→ **BRIEF**:
Word for word, restate the lines from the start of the data below through the line containing "Greca Jacquard Canvas Black".

Stored entries

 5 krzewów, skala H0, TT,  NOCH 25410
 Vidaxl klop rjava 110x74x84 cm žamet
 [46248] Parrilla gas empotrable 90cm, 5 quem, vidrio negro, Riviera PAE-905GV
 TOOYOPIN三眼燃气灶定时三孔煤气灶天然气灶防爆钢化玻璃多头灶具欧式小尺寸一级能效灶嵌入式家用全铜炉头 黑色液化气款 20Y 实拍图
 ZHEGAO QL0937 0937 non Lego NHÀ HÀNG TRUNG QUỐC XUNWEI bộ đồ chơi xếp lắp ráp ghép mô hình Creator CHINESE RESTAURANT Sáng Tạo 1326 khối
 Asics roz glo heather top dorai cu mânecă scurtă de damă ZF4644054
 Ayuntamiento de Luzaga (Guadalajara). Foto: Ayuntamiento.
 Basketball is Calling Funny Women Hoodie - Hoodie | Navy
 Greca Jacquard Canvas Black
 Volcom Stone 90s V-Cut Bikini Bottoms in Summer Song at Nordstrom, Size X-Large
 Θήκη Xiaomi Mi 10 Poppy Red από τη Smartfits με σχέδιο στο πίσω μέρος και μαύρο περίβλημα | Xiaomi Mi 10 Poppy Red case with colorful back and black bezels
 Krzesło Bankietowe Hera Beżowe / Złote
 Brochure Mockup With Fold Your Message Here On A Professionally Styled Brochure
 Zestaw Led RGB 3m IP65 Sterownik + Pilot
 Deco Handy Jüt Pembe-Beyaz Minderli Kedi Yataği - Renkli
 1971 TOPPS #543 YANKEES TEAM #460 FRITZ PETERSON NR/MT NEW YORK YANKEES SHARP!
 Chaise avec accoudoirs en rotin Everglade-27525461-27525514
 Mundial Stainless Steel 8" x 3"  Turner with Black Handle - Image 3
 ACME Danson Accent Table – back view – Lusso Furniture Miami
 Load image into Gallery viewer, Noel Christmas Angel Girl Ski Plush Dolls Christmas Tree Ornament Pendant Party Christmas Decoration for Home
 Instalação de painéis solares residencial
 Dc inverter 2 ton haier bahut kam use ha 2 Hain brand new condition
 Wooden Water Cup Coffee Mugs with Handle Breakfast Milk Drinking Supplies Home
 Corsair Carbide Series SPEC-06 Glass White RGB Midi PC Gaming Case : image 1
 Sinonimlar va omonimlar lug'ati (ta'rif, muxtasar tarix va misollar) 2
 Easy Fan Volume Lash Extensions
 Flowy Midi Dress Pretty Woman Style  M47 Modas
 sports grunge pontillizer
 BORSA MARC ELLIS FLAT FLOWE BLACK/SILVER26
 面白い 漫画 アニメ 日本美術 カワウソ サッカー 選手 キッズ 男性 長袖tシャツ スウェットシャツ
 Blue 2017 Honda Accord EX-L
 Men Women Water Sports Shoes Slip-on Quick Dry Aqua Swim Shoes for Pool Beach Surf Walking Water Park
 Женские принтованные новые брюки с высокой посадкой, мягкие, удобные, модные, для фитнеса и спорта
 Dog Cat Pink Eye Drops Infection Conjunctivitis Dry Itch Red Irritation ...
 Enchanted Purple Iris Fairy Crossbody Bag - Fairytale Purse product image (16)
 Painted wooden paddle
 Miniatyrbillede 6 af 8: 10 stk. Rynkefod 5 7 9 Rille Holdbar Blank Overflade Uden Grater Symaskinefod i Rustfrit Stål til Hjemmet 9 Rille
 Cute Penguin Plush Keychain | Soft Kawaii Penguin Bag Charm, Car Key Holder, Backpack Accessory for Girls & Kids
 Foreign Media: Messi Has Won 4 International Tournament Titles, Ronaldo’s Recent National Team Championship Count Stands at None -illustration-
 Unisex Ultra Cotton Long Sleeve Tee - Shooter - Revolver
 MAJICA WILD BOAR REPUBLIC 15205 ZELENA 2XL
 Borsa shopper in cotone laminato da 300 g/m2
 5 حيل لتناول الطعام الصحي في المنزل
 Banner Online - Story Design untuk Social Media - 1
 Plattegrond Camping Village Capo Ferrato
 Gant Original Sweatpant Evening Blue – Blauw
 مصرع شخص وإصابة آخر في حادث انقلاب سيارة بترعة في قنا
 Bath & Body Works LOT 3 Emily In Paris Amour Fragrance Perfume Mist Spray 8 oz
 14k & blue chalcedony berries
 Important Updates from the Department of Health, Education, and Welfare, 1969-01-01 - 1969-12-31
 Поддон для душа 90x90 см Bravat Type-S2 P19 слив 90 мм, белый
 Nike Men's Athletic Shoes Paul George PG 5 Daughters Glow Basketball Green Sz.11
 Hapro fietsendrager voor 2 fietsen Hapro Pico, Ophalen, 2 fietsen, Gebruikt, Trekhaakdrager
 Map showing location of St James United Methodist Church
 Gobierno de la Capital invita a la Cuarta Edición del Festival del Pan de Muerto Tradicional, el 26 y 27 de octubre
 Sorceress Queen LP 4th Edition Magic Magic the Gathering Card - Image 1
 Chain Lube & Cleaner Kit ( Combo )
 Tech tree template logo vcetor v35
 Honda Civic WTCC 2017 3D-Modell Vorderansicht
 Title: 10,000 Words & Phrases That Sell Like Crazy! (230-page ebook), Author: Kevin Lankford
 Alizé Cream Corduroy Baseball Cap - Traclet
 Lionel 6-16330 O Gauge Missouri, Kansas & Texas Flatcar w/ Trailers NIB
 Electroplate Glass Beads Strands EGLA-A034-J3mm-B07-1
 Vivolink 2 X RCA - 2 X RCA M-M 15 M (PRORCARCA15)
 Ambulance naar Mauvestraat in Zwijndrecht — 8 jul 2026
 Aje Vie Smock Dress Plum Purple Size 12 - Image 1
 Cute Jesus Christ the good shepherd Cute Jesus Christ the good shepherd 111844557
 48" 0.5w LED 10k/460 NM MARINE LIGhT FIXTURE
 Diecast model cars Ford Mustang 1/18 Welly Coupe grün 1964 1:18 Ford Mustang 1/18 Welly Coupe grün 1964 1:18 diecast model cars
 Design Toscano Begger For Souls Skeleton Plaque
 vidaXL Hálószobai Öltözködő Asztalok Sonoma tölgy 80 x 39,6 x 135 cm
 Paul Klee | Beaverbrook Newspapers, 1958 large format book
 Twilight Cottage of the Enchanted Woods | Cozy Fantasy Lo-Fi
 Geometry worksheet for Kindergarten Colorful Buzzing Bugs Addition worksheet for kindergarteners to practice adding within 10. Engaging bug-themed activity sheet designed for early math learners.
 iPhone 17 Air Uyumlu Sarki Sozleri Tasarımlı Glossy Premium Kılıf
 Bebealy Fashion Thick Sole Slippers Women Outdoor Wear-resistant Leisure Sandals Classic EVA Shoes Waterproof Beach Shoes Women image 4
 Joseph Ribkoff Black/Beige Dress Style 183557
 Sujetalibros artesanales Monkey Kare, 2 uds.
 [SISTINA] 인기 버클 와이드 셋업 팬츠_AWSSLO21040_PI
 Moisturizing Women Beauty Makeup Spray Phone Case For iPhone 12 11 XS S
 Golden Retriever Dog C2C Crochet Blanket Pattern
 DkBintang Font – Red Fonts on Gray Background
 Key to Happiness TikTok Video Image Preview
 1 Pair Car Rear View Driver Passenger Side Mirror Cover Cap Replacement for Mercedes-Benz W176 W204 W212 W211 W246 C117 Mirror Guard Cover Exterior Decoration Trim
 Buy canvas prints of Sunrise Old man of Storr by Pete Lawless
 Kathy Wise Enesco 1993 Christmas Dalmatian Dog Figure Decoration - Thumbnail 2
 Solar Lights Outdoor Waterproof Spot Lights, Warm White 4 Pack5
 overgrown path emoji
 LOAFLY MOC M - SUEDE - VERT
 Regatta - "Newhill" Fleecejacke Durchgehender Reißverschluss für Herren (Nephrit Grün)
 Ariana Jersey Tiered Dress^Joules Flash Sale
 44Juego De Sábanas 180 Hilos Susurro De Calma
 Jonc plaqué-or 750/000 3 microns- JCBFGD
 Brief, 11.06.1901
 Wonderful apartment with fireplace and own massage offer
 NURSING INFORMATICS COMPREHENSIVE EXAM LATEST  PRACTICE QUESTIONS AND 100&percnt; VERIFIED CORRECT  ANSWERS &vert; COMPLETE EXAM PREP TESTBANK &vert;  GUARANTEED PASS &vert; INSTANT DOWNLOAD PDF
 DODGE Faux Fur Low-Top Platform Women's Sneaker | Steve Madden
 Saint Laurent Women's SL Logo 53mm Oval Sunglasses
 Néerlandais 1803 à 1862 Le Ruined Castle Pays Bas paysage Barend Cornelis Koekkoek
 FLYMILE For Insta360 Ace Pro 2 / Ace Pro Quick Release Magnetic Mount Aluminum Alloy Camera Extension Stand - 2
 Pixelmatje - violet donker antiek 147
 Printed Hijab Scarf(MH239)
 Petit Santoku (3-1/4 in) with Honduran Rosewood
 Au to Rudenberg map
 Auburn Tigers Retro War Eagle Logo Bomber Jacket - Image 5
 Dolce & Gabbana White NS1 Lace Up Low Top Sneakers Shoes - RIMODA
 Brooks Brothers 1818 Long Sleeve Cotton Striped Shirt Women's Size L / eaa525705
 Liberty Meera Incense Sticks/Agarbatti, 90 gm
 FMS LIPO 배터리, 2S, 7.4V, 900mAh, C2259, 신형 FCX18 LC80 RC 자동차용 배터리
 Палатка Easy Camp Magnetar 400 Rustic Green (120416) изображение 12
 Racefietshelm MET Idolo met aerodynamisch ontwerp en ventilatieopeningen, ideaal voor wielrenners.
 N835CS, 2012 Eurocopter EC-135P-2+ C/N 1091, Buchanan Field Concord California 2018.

→ **EXPECTED ANSWER**:
 5 krzewów, skala H0, TT,  NOCH 25410
 Vidaxl klop rjava 110x74x84 cm žamet
 [46248] Parrilla gas empotrable 90cm, 5 quem, vidrio negro, Riviera PAE-905GV
 TOOYOPIN三眼燃气灶定时三孔煤气灶天然气灶防爆钢化玻璃多头灶具欧式小尺寸一级能效灶嵌入式家用全铜炉头 黑色液化气款 20Y 实拍图
 ZHEGAO QL0937 0937 non Lego NHÀ HÀNG TRUNG QUỐC XUNWEI bộ đồ chơi xếp lắp ráp ghép mô hình Creator CHINESE RESTAURANT Sáng Tạo 1326 khối
 Asics roz glo heather top dorai cu mânecă scurtă de damă ZF4644054
 Ayuntamiento de Luzaga (Guadalajara). Foto: Ayuntamiento.
 Basketball is Calling Funny Women Hoodie - Hoodie | Navy
 Greca Jacquard Canvas Black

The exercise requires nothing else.